In the realm of artificial intelligence and machine learning, neural networks have come a long way since their inception. From simple rule-based systems to complex deep learning architectures, these models are capable of processing vast amounts of data with remarkable accuracy. Among various layers found within such sophisticated structures like Fast Feedforward (FF) Networks or Transformer Blocks lie the key components that enable this advanced analysis: feedforward layers and feature extraction.
These linear transformations in FFs allow for communication between neurons, enabling critical pattern recognition tasks at every layer of a neural network model. Despite their simplicity, these foundational elements are present even within cutting-edge models like OpenAI’s ChatGPT, which relies on the attention mechanism powered by Transformer Blocks to achieve unparalleled performance in natural language processing tasks.
However, as these large and complex models grow larger (as seen with GPT-3), feedforward layers consume an increasingly significant portion of computing power — accounting for 98% of Floating Point Operations (FLOPs) within such behemoths. This comes at a cost: the majority of neurons in hidden layers are inactive, merely participating in data processing without directly influencing output decisions.
To address this issue and optimize performance while maintaining efficiency, researchers propose introducing a novel approach to neural network design called “Hardwired Neural Networks.” The core concept behind Hardwired Neural Networks is harnessing binary trees that selectively engage only the most essential neurons for specific tasks. As these networks progress through training, nodes become increasingly adept at distinguishing between inputs and discard inactive connections, ultimately leading to a more streamlined decision-making process during inference — when models are actively being used in real-time predictions.
By employing hardwired neural networks with depth six binary trees (which divide the layer into halves six times), researchers achieve 94% of original performance while cutting costs and speeding up prediction speeds by orders of magnitude compared to conventional feedforward layers, even though only 1% of neurons participate actively in each FFF layer.
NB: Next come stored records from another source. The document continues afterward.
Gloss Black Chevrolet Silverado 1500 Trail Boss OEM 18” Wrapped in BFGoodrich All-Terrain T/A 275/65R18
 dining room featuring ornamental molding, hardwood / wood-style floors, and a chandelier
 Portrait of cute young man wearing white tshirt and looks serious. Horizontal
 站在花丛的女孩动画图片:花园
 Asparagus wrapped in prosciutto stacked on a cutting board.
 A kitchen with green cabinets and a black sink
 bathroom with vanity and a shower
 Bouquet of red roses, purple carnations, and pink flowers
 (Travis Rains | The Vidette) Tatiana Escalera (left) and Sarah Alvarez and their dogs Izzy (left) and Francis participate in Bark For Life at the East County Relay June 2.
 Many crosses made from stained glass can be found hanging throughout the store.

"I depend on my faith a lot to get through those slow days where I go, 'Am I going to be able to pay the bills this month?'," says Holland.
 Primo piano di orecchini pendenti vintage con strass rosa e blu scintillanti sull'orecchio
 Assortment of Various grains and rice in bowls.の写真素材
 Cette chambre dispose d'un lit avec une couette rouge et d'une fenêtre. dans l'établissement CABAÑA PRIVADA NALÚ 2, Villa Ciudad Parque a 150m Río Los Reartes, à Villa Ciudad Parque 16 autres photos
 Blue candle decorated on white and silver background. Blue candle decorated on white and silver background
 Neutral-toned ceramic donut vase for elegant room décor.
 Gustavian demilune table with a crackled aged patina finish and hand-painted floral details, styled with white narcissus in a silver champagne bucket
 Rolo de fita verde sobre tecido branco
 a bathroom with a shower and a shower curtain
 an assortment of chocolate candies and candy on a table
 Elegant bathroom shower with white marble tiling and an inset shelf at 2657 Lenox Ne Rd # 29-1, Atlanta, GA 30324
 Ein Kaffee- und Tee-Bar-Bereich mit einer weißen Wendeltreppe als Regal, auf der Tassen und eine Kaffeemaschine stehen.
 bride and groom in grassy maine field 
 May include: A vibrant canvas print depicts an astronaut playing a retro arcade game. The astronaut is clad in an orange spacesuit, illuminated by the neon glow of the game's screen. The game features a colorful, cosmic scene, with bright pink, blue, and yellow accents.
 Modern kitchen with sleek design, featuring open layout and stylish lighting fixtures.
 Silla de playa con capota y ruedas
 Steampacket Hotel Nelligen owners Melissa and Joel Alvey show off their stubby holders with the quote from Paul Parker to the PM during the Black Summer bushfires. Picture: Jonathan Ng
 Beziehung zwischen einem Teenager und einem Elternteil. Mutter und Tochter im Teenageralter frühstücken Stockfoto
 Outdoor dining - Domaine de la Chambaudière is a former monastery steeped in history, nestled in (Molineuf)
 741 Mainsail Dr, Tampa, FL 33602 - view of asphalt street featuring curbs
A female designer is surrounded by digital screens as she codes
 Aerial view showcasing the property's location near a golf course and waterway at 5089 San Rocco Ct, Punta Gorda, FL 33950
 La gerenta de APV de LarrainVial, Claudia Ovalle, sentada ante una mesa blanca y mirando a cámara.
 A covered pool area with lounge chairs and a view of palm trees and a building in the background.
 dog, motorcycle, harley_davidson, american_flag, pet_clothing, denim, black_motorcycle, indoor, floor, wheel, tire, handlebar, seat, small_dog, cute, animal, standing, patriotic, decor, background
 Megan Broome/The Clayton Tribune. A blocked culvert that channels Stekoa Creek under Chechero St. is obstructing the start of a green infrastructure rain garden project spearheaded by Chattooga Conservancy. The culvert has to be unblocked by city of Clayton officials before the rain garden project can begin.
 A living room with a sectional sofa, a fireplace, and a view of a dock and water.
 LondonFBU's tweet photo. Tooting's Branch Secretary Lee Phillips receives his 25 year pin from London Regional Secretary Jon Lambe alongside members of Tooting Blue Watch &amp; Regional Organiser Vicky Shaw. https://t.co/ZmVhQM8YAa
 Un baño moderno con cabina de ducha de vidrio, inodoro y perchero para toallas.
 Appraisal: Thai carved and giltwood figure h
This innovative approach demonstrates that optimizing computational efficiency does not necessitate sacrificing model accuracy or predictive power — a significant breakthrough for the future development of advanced AI systems.
In conclusion, by selectively engaging only the most critical neurons within complex models such as ChatGPT’s Transformer Blocks, these hardwiring techniques pave the way for more streamlined and powerful AI systems yet to come.
Future Outlook
The quest to dethrone GPUs from the LLM landscape is still in its early stages. However, the rapid progress in new hardware and software technologies suggests that alternative solutions are on the horizon. While GPUs will likely remain dominant in the short term, we can expect to see a shift towards more efficient and scalable solutions in the coming years. This will allow for the development and deployment of even larger and more powerful LLMs, unlocking new possibilities for AI research and applications.
It’s important to note that there is no single solution that will completely replace GPUs. Different approaches will likely be used for different aspects of LLM training and deployment, depending on specific needs and resources. The key takeaway is that the landscape is rapidly evolving, and we can expect to see exciting innovations in the near future.